O dia começou a ser santo pouco tempo antes de nascer. Estava particularmente bonita hoje. Os defeitos, das grandes orelhas às inexistentes unhas, se converteram em discretas belezas. As cores e a dignidade com que as ostentava faziam com que fosse um pensamento do Criador. E por isso lhe havia feito um altar e ali rezava, diante da foto em que a língua entregue se submetia à tesoura. Diante dele se ajoelhava, depositava flores de crepom, fitas do Senhor do Bonfim e de Aparecida, velas, incensos e as preces, sugestões para roteiros.

04 julho, 2009

Luís Alberto

Eram como ele os homens que foram amados. A suavidade da voz revestia os olhos e o que por eles entrasse. Um quadro fixado ao teto e os corredores longos, cinzas, guardando jardins, pedindo por poesia. Em mendicância foi buscado e as palavras escritas naquele papel mostraram o quanto havia se afastado do humano. Linguagem de humanos? E qual não teria sido por eles inventada? A que usavam para declarar suas paixões e suas mortes? Que pena, é o que diriam. E sim, eram penas, penas, que a mulher de língua enrolada e muda transformou em plumas, em aves, sobrevoando água em busca de alimento. E no mergulho, submerso, o canto. Não, não era humano o peixe que voava em sua direção e dizia com seus olhos úmidos que de tudo bastam alguns instantes.
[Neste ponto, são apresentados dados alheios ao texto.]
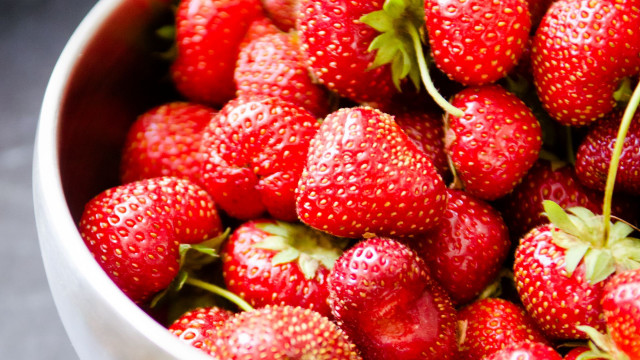 Strawberry bowl impessionism delaunay puzzle free wallpaper for desktop - medium preview image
E no seguinte estava ali, aquela janela em forma de poema por onde começaram a vislumbrar o espaço. Veio dele o entendimento da nocividade do feminino e de suas pontas, o ângulo a mais que seria buscado pelo masculino à caminho da circunferência.

03 julho, 2009

Emprego

Estava ali. Feia como sempre. E daquela vez foi assim. Era o dia dos tambores, os que despertaram a autonomia dos corpos, partículas inquietas e ritmadas gritando por silêncio. Não poderia precisar sobre a perturbação alheia, a moça loura tanto poderia ser louca como oportunista. Como todos. A outra dançava em frente á TV e, como a velha Jovina, que tecia e tecia, cumprimentava o apresentador e surgiam nas mãos linha e agulha.
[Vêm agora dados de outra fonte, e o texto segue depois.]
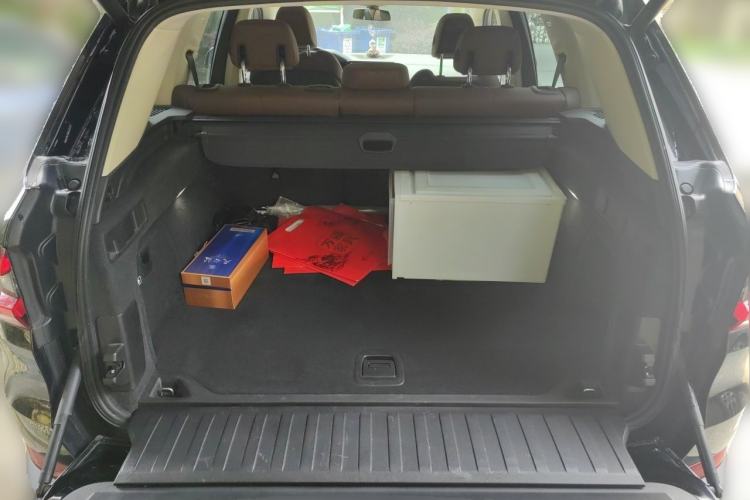 Used BMW X5 2019 xDrive40i M Sport Package Trunk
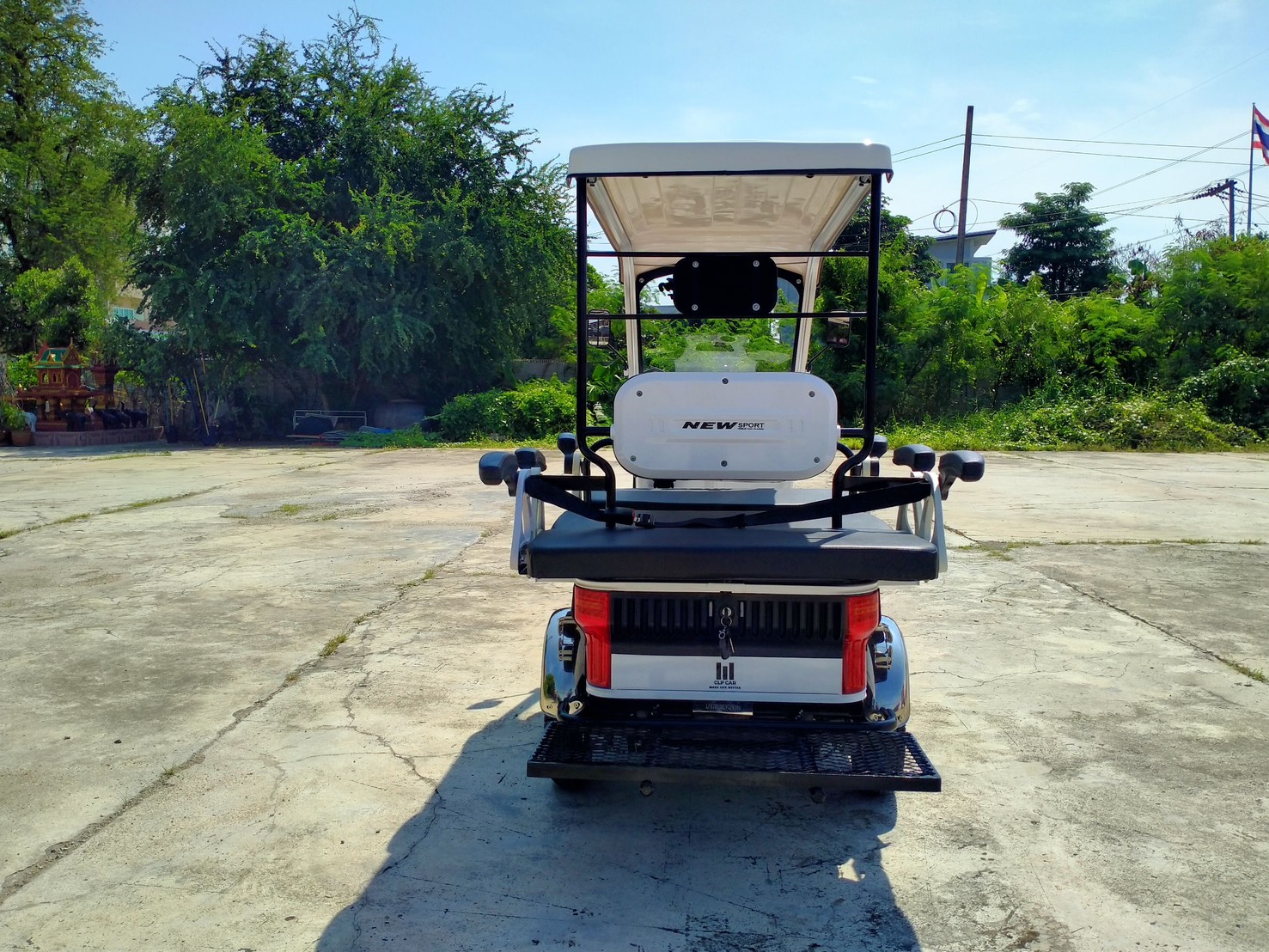 รถไฟฟ้า 4 ล้อ 6 ที่นั่ง (คนไซส์ใหญ่) รุ่น M-01ฺB BIG PLUS ยี่ห้อ CLP CAR ขับแฮนด์บิด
Às vezes reaparecia em outros, esses. Voltava abanando o rabo e sem nenhum pudor pela alegria em se submeter. Aceitava todo amor que fosse dado por qualquer um que se aproximasse, mesmo os que doíam. Gotas em pára-brisas, grossas e esparsas, ou finas e constantes. Suaves e brutas, se fazendo e desfazendo umas nas outras. Nessa época sempre chove. Acordava pelo nariz e seguia o cheiro da pele da terra secando ao sol caçando formigas com os pássaros, se alimentando também da destruição que continuaria a acontecer depois que estivessem refeitos.